Habitats has 3 subcategories: Aquatic, Coastal and Terrestrial. Explore those sub-categories or find general information below. You can also view the entire JuneauNature hierarchy at this site map.

A good resource is the third edition of The nature of Southeast Alaska (2014), available in Southeast bookstores, including Discovery’s store at the glacier visitor center.

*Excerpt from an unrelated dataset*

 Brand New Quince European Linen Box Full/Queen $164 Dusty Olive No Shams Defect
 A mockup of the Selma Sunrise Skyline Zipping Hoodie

Forthcoming compendium on Southeast habitats

In 2014, Bob Armstrong and I published the 3rd edition of Nature of Southeast Alaska. The Habitats section of that book is 73 pages long—a pretty good introduction to the terrestrial, coastal and freshwater habitats of our region. But for the serious Southeast Alaskan wanting more information about habitats, there is so much more available! In Nature of Southeast we were limited by space, and the decision to minimize cost with ‘black-&-white’ illustrations. Yet when paper is bypassed, digital color is now ‘free.’ Furthermore, most avid readers now own tablets. These have changed the game, for meditative readings on the couch, or instantaneous feedback on the trail and in camp. (A phone’s suboptimal but handy for quick reference, especially in the field.)

Typical watershed array for Lingít Aaní. Colored habitats, darkest to palest, include fans, floodplain, salt marsh, upland forest, subalpine meadow, alpine tundra, and snowfields.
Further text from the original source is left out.